Small ADV Matchup: BMW G310GS vs Kawasaki Versys-X 300

 Two pint-sized ADVs battle it out to see who takes top honors in the class.

Published on 05.10.2018

BMW G310GS vs Kawasaki Versys-X 300
 
We’ll start off this two-bike comparo by saying that it is a very good time to be in the market for entry-level adventure bikes. Whether you are a first-time buyer, converting from dirt or street, or looking for a smaller, lighter bike to compliment your large ADV Bike, we have two very impressive machines battling it out in this contest — BMW G310GS vs Kawasaki Versys-X 300.

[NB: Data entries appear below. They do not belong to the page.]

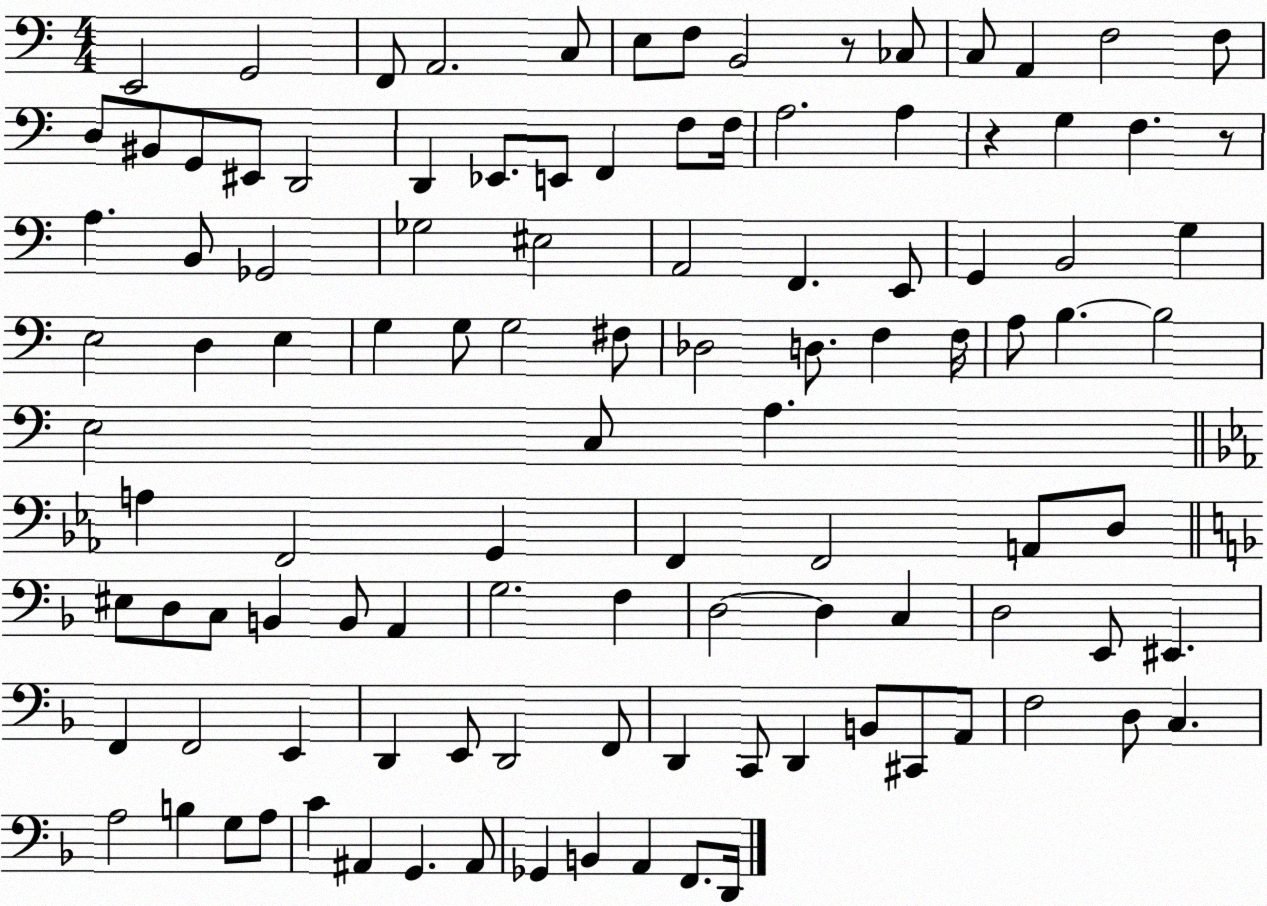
X:1
T:Untitled
M:4/4
L:1/4
K:C
E,,2 G,,2 F,,/2 A,,2 C,/2 E,/2 F,/2 B,,2 z/2 _C,/2 C,/2 A,, F,2 F,/2 D,/2 ^B,,/2 G,,/2 ^E,,/2 D,,2 D,, _E,,/2 E,,/2 F,, F,/2 F,/4 A,2 A, z G, F, z/2 A, B,,/2 _G,,2 _G,2 ^E,2 A,,2 F,, E,,/2 G,, B,,2 G, E,2 D, E, G, G,/2 G,2 ^F,/2 _D,2 D,/2 F, F,/4 A,/2 B, B,2 E,2 C,/2 A, A, F,,2 G,, F,, F,,2 A,,/2 D,/2 ^E,/2 D,/2 C,/2 B,, B,,/2 A,, G,2 F, D,2 D, C, D,2 E,,/2 ^E,, F,, F,,2 E,, D,, E,,/2 D,,2 F,,/2 D,, C,,/2 D,, B,,/2 ^C,,/2 A,,/2 F,2 D,/2 C, A,2 B, G,/2 A,/2 C ^A,, G,, ^A,,/2 _G,, B,, A,, F,,/2 D,,/4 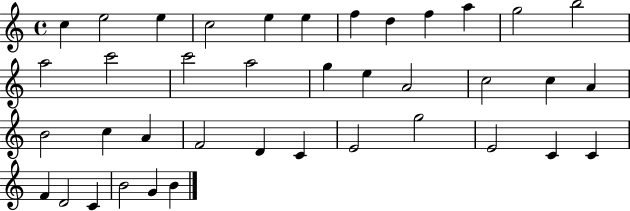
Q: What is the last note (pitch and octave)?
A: B4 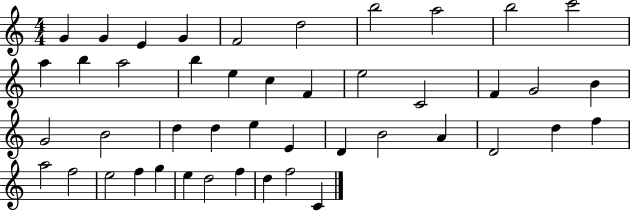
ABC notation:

X:1
T:Untitled
M:4/4
L:1/4
K:C
G G E G F2 d2 b2 a2 b2 c'2 a b a2 b e c F e2 C2 F G2 B G2 B2 d d e E D B2 A D2 d f a2 f2 e2 f g e d2 f d f2 C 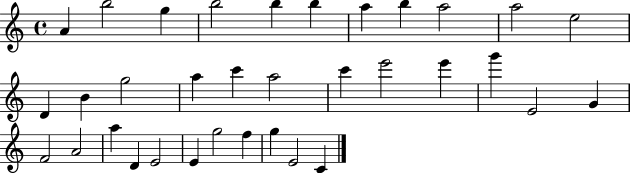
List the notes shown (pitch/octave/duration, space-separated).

A4/q B5/h G5/q B5/h B5/q B5/q A5/q B5/q A5/h A5/h E5/h D4/q B4/q G5/h A5/q C6/q A5/h C6/q E6/h E6/q G6/q E4/h G4/q F4/h A4/h A5/q D4/q E4/h E4/q G5/h F5/q G5/q E4/h C4/q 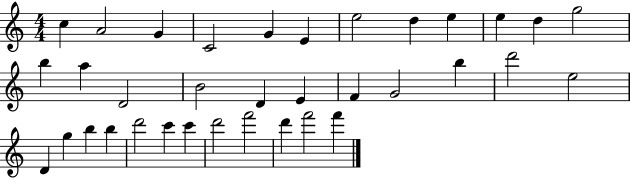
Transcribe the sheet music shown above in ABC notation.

X:1
T:Untitled
M:4/4
L:1/4
K:C
c A2 G C2 G E e2 d e e d g2 b a D2 B2 D E F G2 b d'2 e2 D g b b d'2 c' c' d'2 f'2 d' f'2 f'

Why did we pick these bikes to compare? Quite simply, they are a close match in the Small ADV Class with a similar price tag and adventure touring features like a wind screen, contoured seating, luggage rack, and good fuel range. Honda’s CRF250L Rally ticks some of these boxes but like the Yamaha WR250R and Kawasaki KLX250, it’s really more of a dual sport in stock trim. And for those Yellow fans out there, the Suzuki V-Strom 250 would fit right into this comparison, yet it is still unavailable in the US market.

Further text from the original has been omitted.